[Start of section]

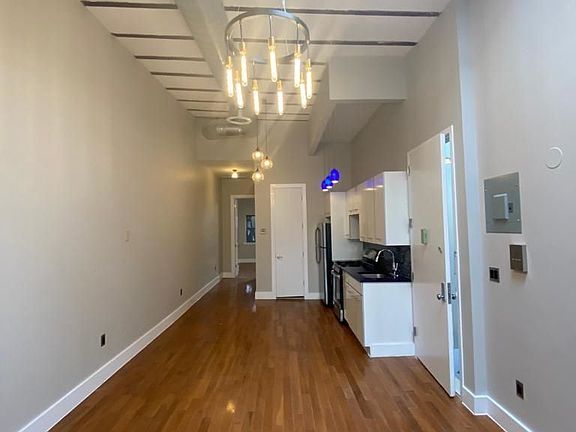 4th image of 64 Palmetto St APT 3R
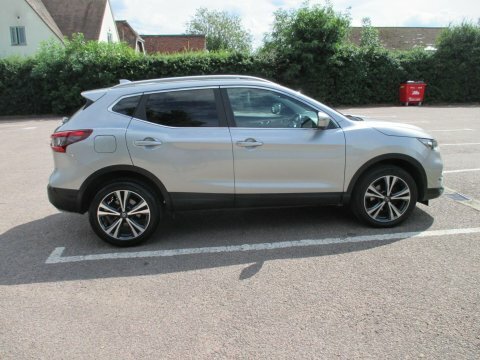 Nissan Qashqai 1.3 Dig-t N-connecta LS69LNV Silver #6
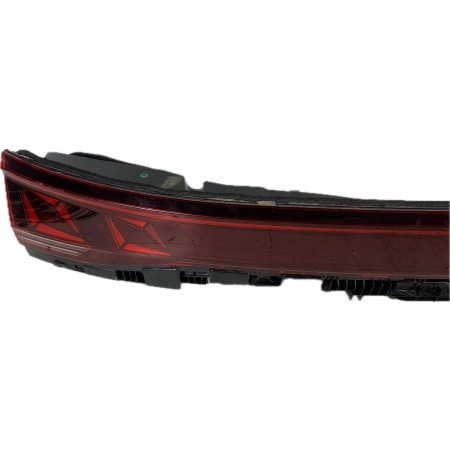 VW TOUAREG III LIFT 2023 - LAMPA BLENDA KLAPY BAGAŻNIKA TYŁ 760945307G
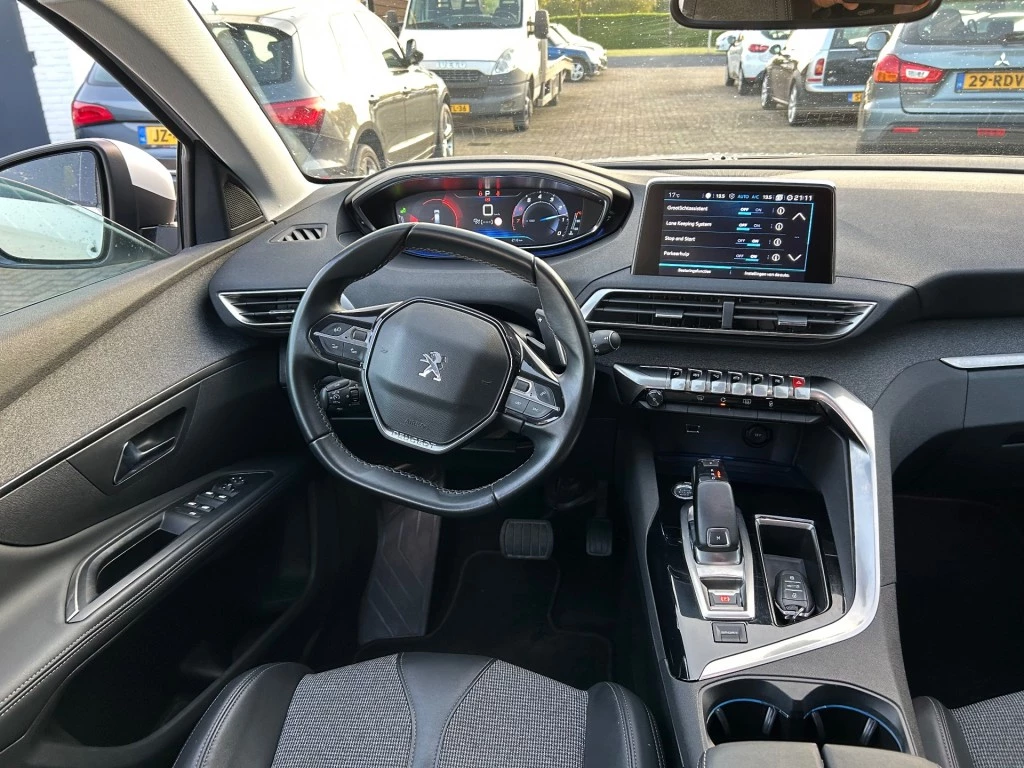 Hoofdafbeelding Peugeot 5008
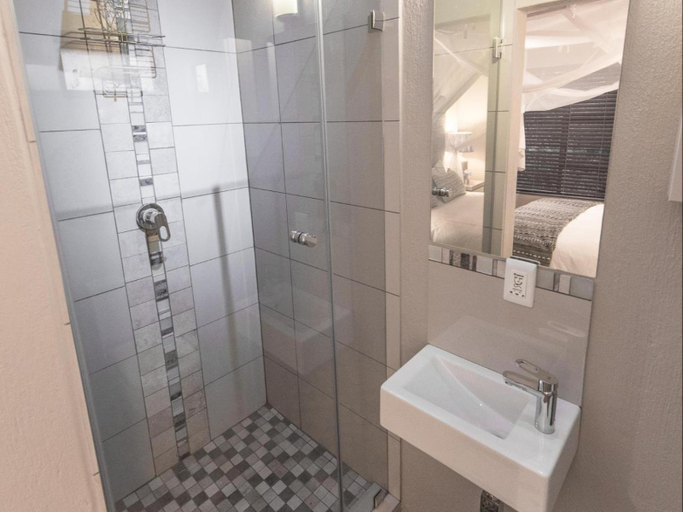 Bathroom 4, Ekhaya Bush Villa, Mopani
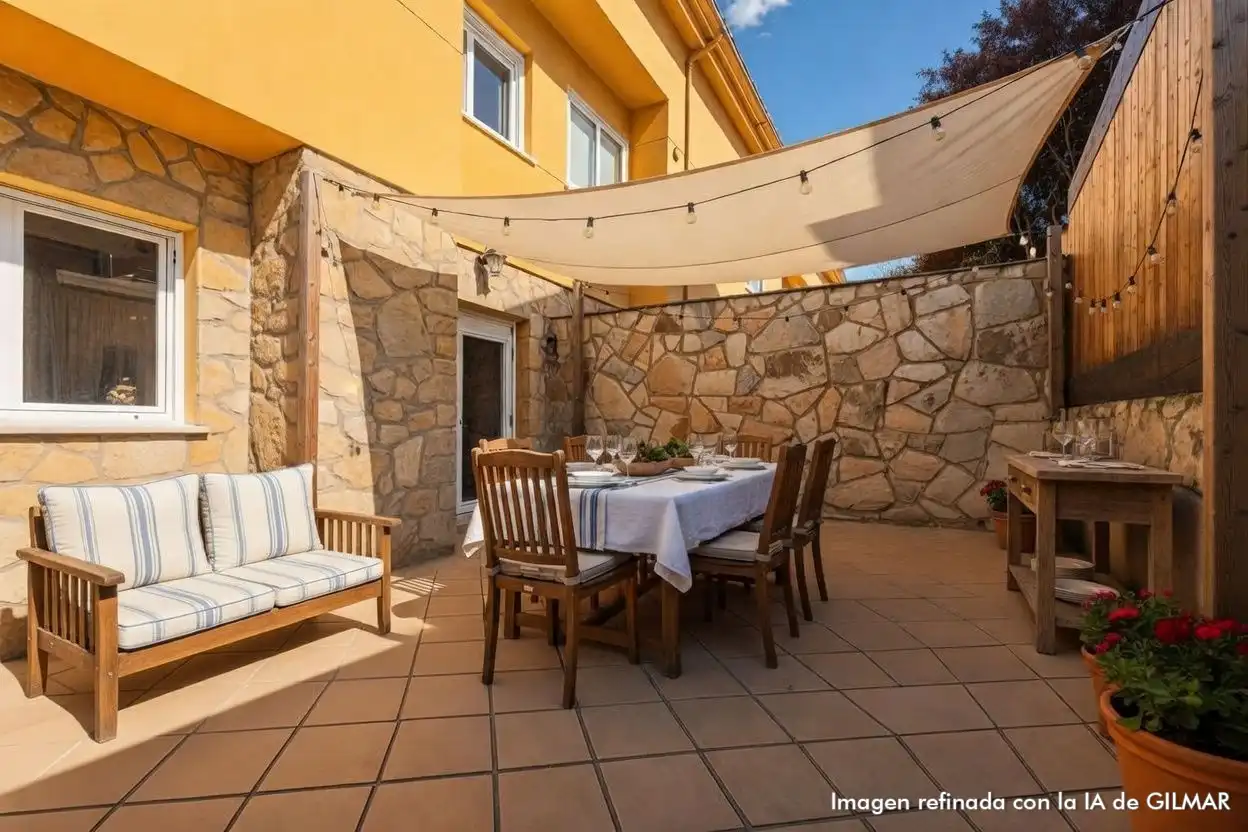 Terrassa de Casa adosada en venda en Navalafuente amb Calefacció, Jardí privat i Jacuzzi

[End of section]
[Start of section]

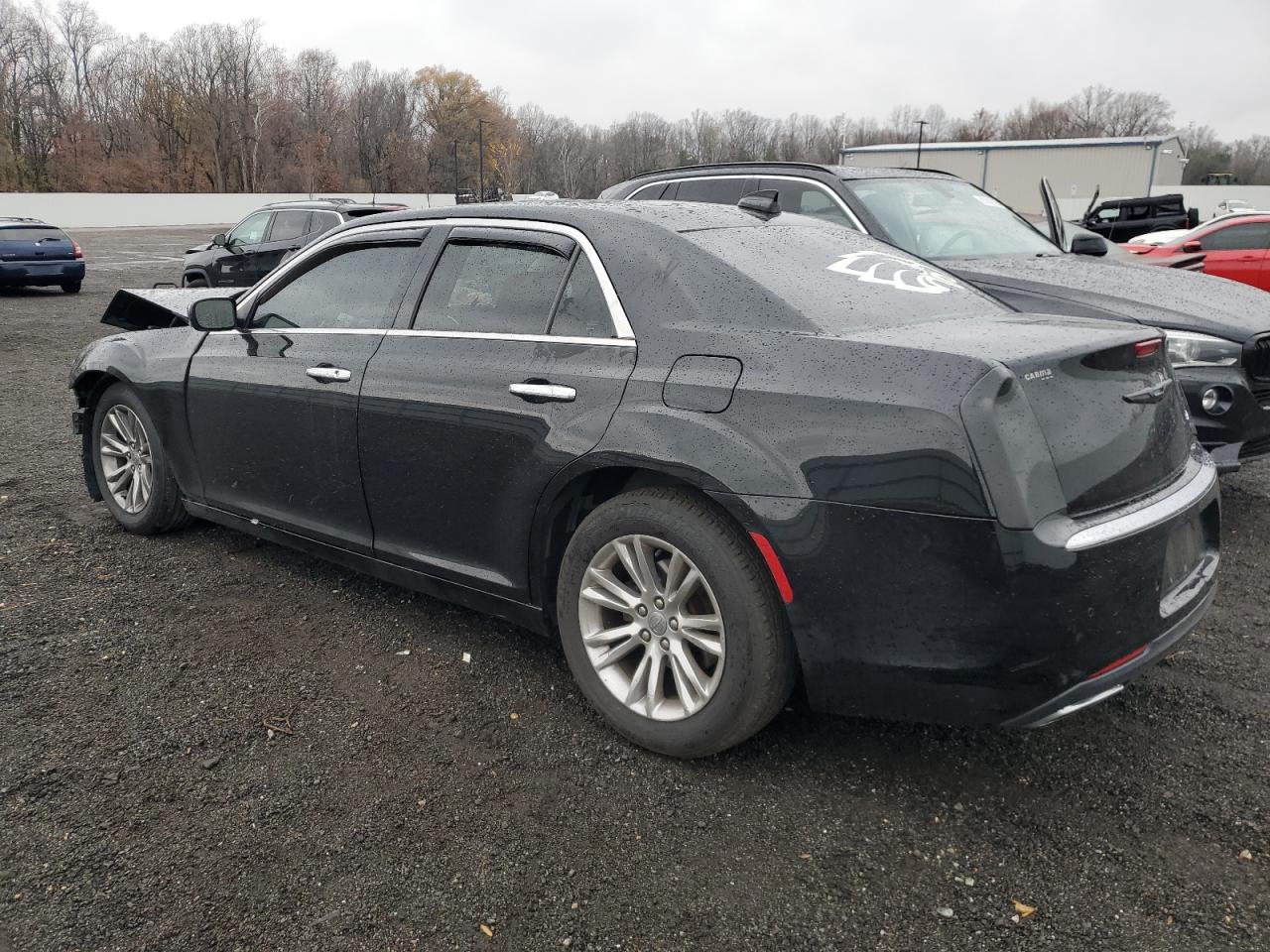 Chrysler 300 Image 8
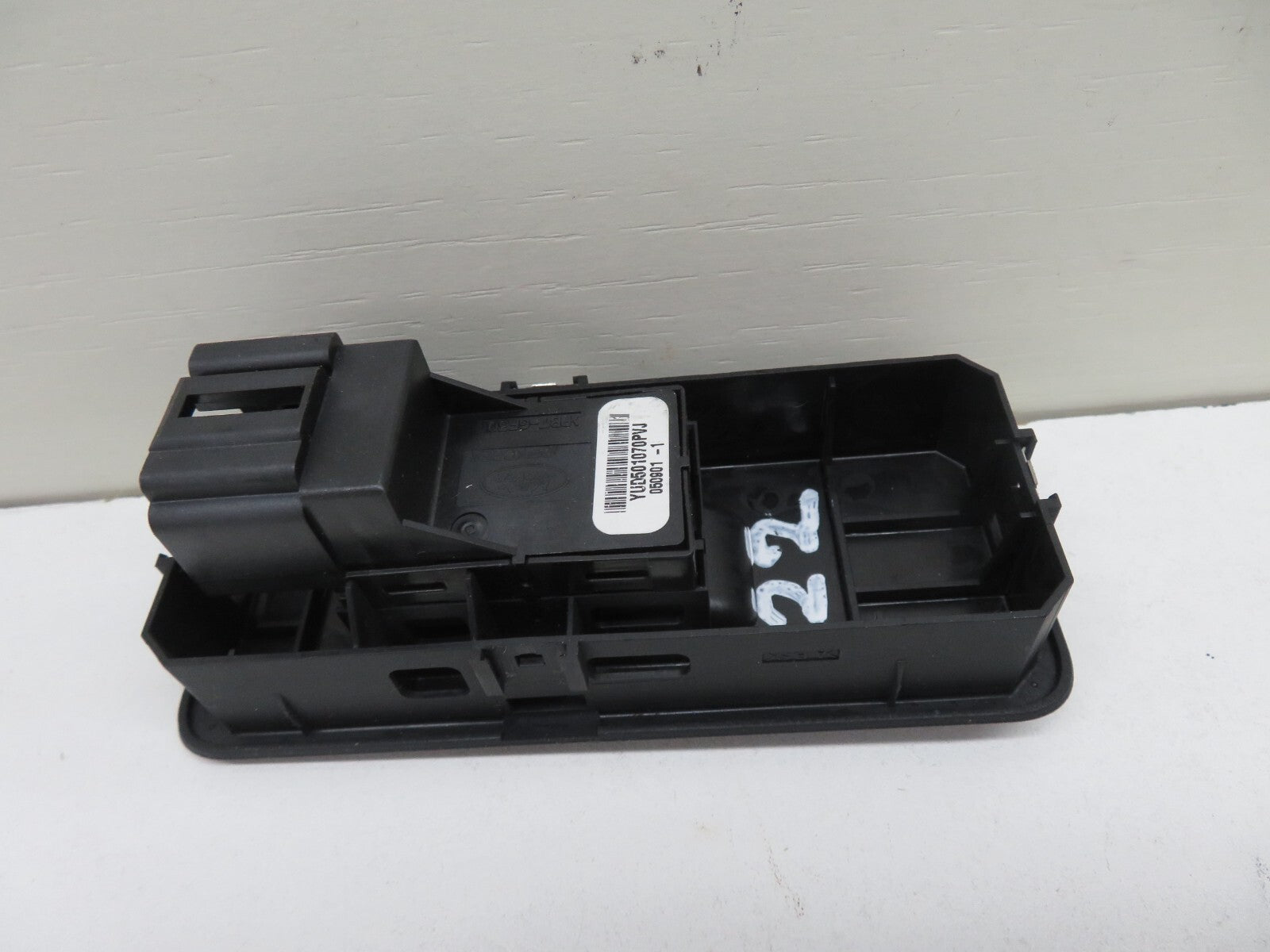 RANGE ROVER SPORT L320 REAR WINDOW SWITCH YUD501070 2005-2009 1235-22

[End of section]

ASSIGNMENT = Restate word for word the lines of the data above that begin at the line with "VW TOUAREG III" and end at the line with "Terrassa de Casa", keeping both ends and dropping every picture.

ANSWER AREA =
 VW TOUAREG III LIFT 2023 - LAMPA BLENDA KLAPY BAGAŻNIKA TYŁ 760945307G
 Hoofdafbeelding Peugeot 5008
 Bathroom 4, Ekhaya Bush Villa, Mopani
 Terrassa de Casa adosada en venda en Navalafuente amb Calefacció, Jardí privat i Jacuzzi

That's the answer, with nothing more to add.